# Exercise objective
Only the pictures should be left out; write out all other data exactly.

◆ ◆ ◆

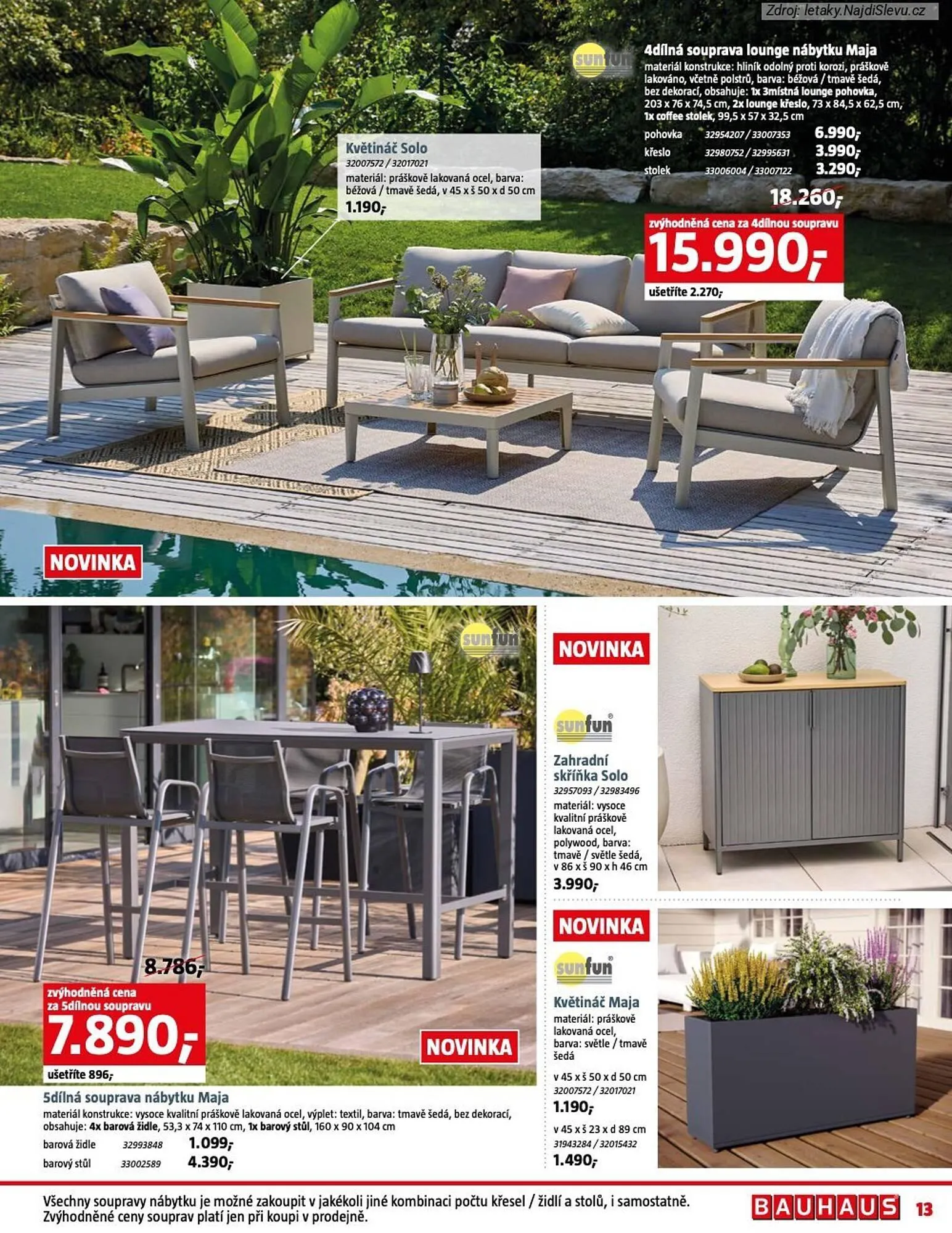 Bauhaus leták - 6. března 1. dubna 2026 - Page 13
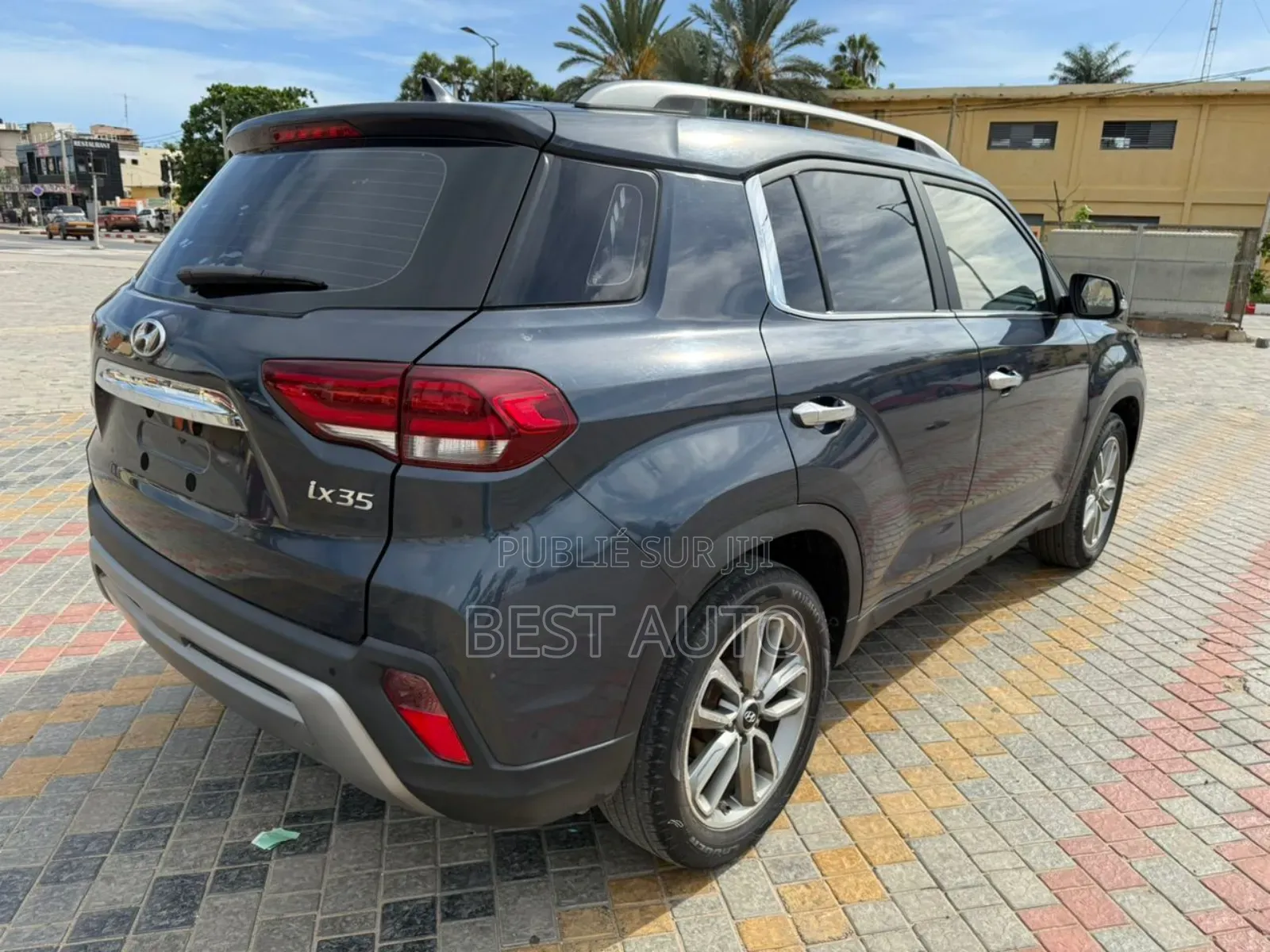 Hyundai Ix35 2019 Black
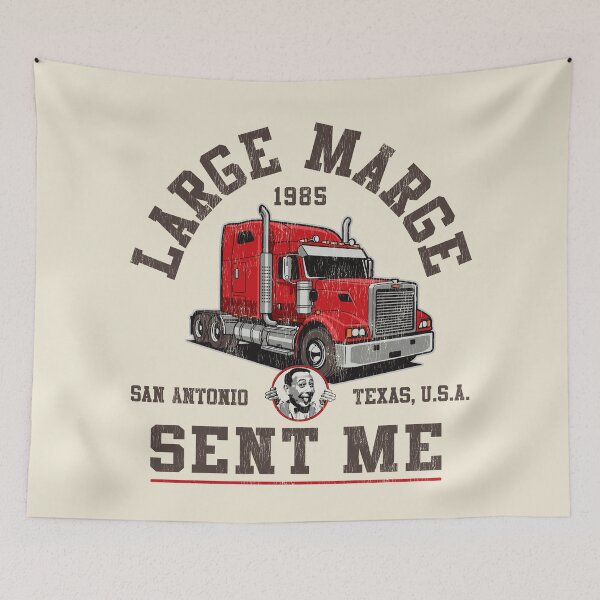 Item preview, Large Marge Sent Me Lts Worn designed and sold by Alema Art.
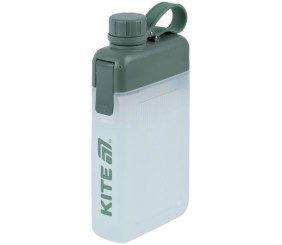 Пляшка для води, 450 мл, зелена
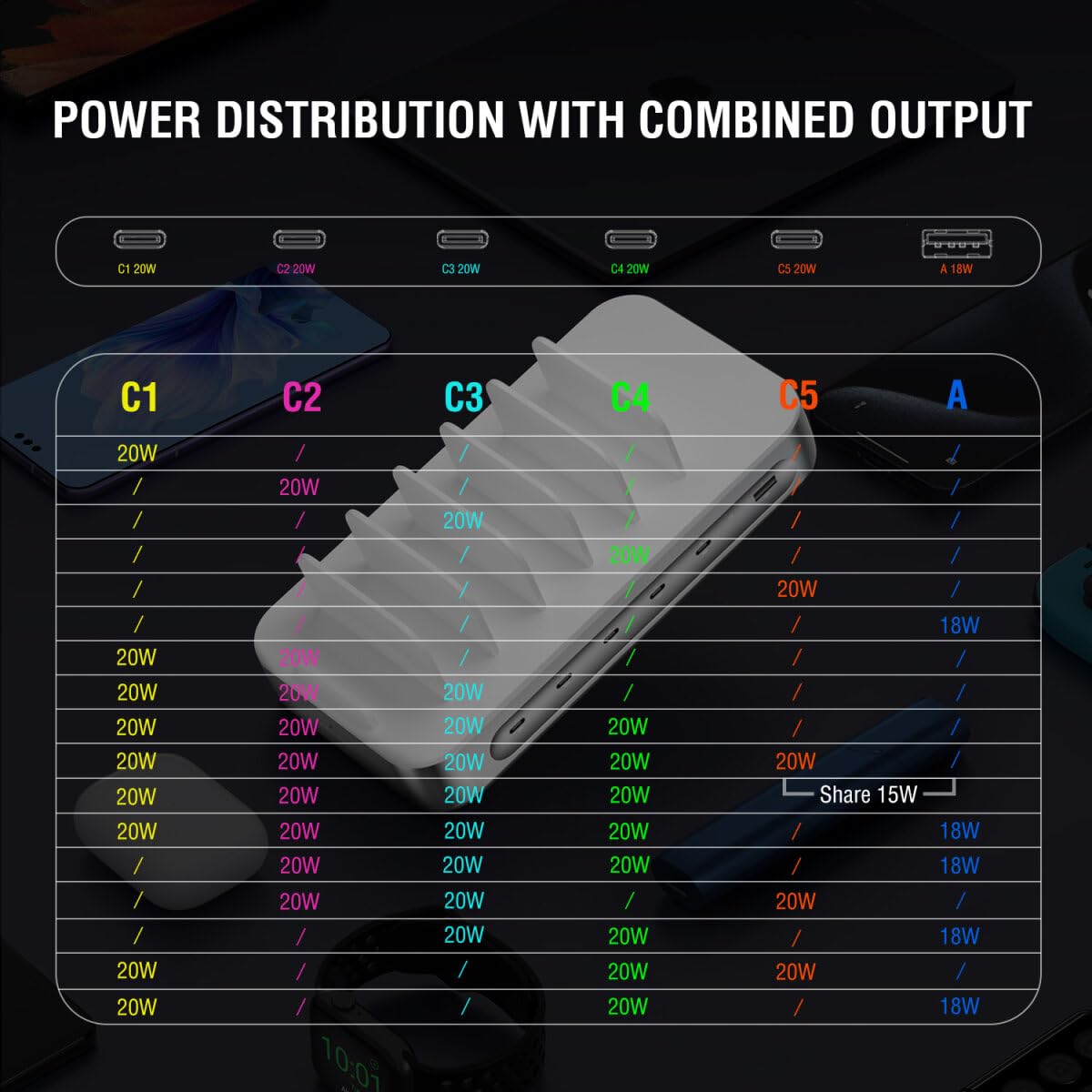 4smarts Ladestation silber 4S541281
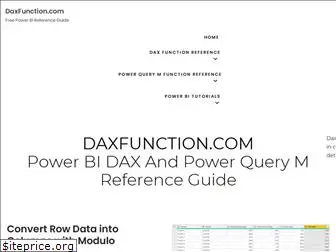 daxfunction.com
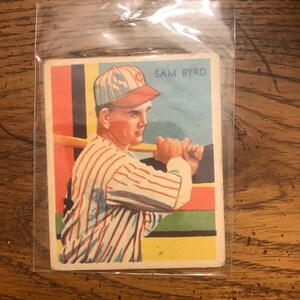 Sam Byrd 1935 Diamond Star (edizione originale) (come nella foto) (2126}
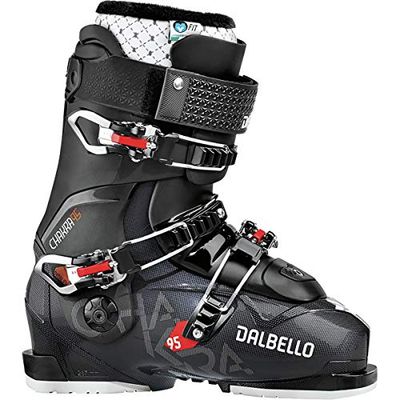 Dalbello Chakra 95 ID LS Black Chaussures de Ski pour Femme, 23,5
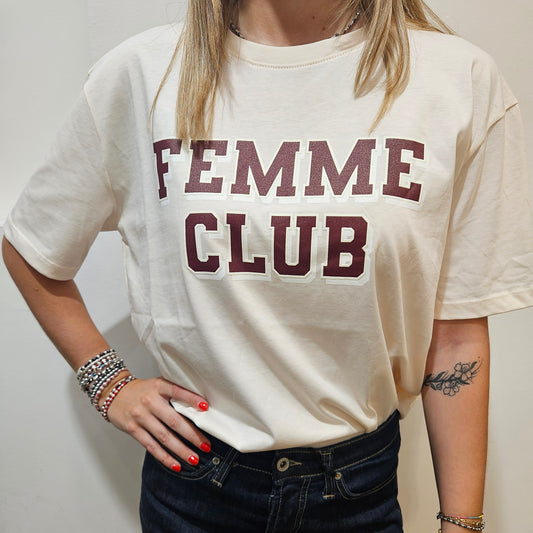 Susy Mix T-Shirt crema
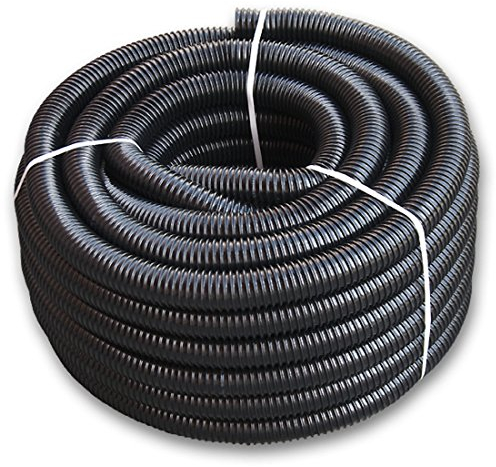 30m Saugschlauch für Industrie und Landwirtschaft aus PVC spiralschlauch flexibler Schlauch Teichschlauch Marke FITT 50mm 2 2,83?/m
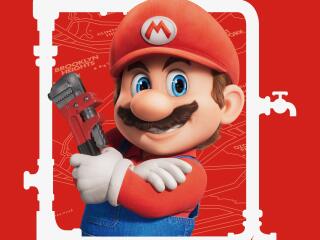 Mario in Super Mario Bros Movie 2023 wallpaper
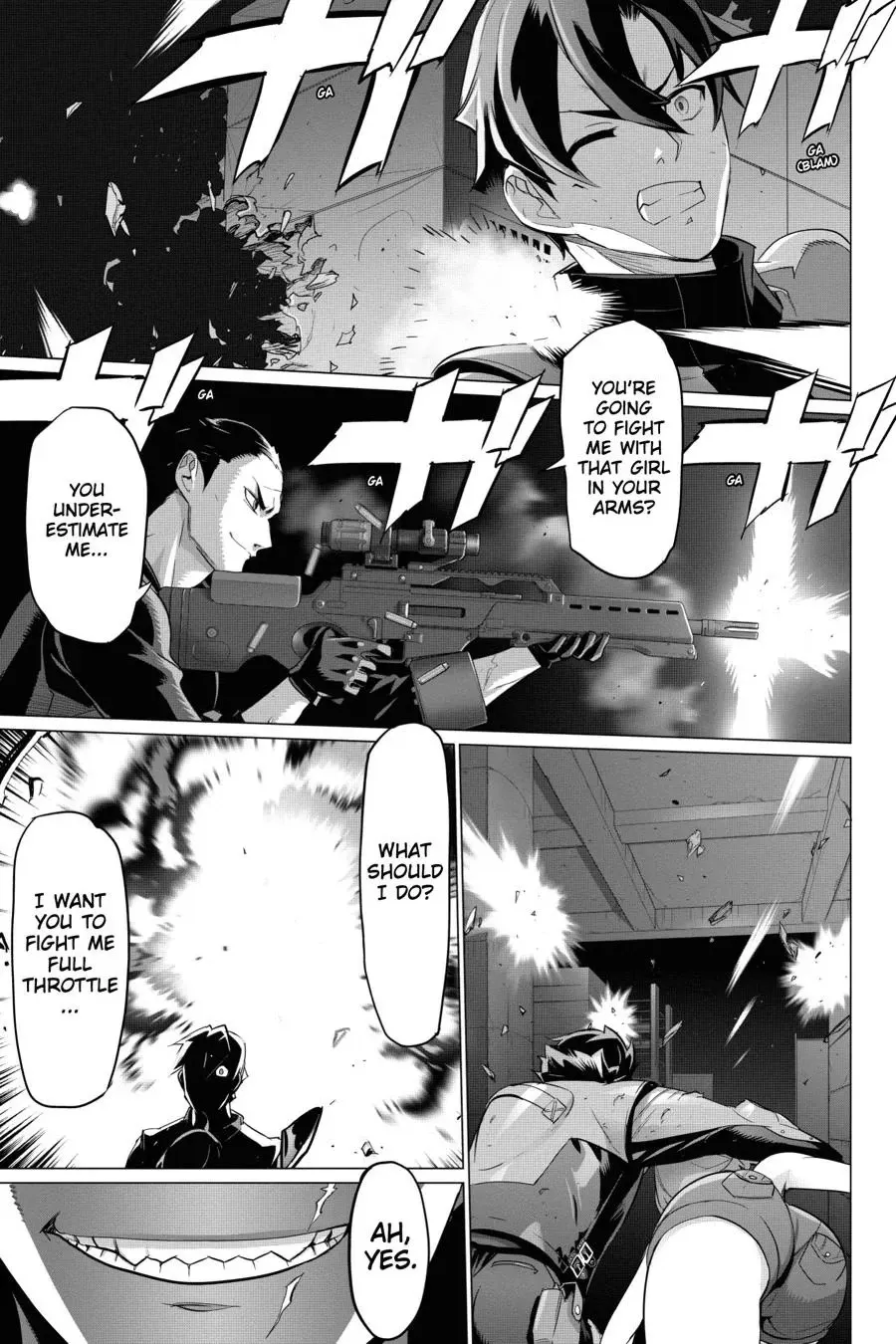 Triage X Chapter 111 page 10 - 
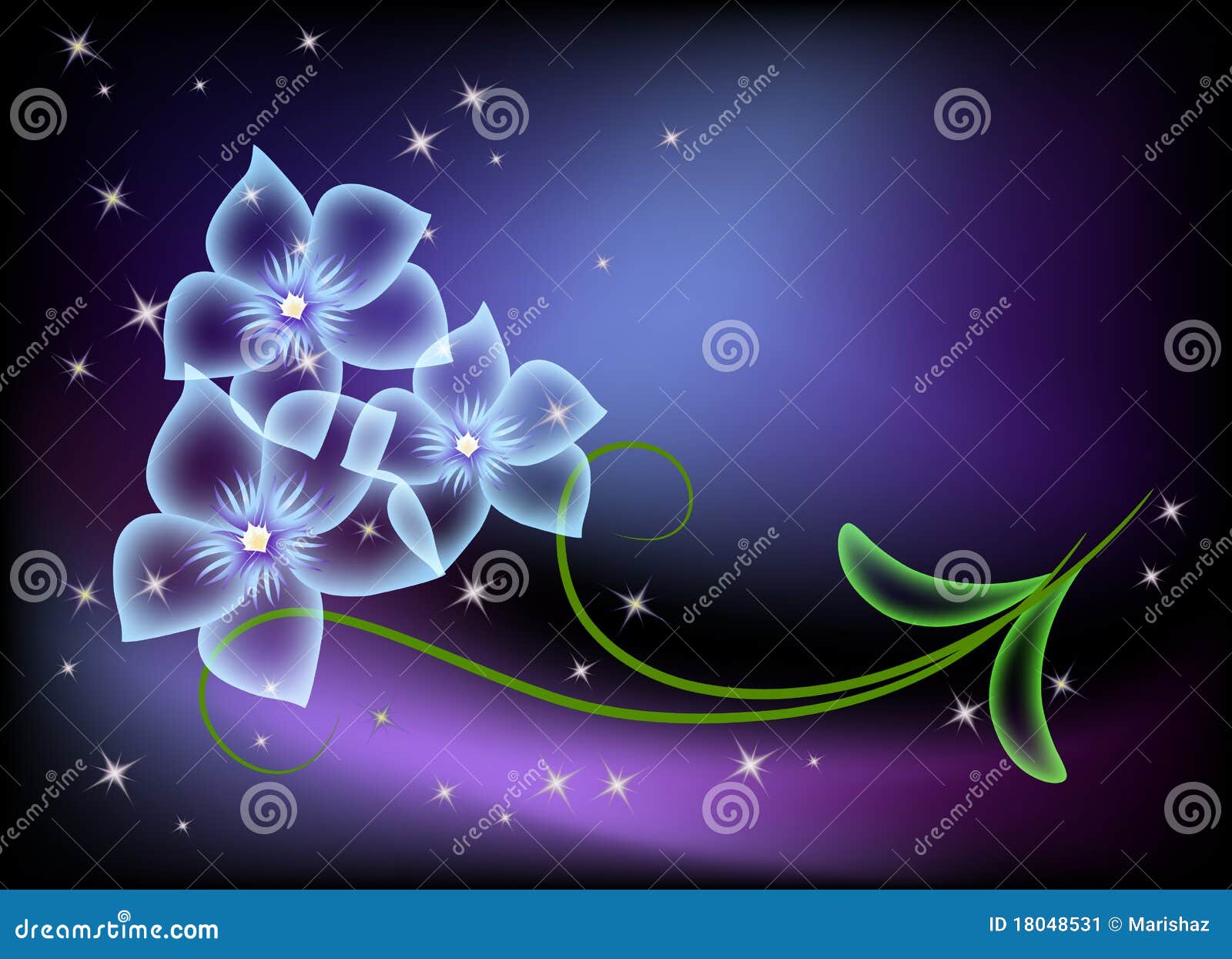 透明花的星形向量例证 插画包括有幻想 行动 说明 形状 抽象 附庸风雅 动态 设计
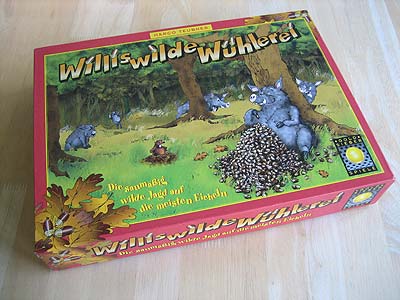 Willis wilde Wühlerei - Spielbox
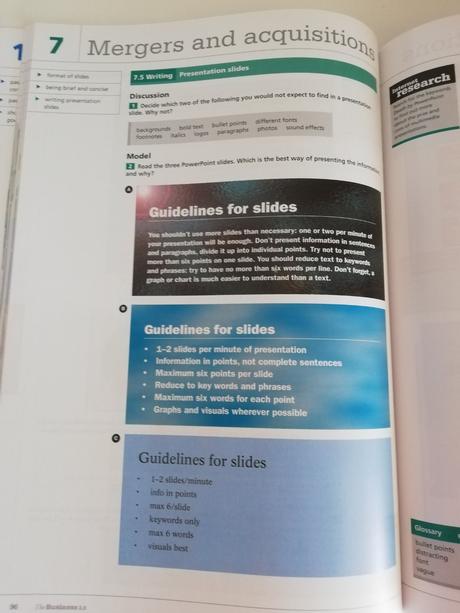 The business b1 intermediate students book,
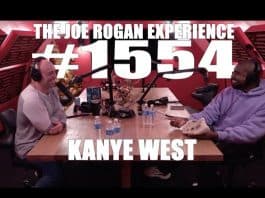 Kanye West Joe Rogan Experience Podcast Amerikaanse presidentskandidaat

◆ ◆ ◆

# Answer to this exercise
 Bauhaus leták - 6. března 1. dubna 2026 - Page 13
 Hyundai Ix35 2019 Black
 Item preview, Large Marge Sent Me Lts Worn designed and sold by Alema Art.
 Пляшка для води, 450 мл, зелена
 4smarts Ladestation silber 4S541281
 daxfunction.com
 Sam Byrd 1935 Diamond Star (edizione originale) (come nella foto) (2126}
 Dalbello Chakra 95 ID LS Black Chaussures de Ski pour Femme, 23,5
 Susy Mix T-Shirt crema
 30m Saugschlauch für Industrie und Landwirtschaft aus PVC spiralschlauch flexibler Schlauch Teichschlauch Marke FITT 50mm 2 2,83?/m
 Mario in Super Mario Bros Movie 2023 wallpaper
 Triage X Chapter 111 page 10 - 
 透明花的星形向量例证 插画包括有幻想 行动 说明 形状 抽象 附庸风雅 动态 设计
 Willis wilde Wühlerei - Spielbox
 The business b1 intermediate students book,
 Kanye West Joe Rogan Experience Podcast Amerikaanse presidentskandidaat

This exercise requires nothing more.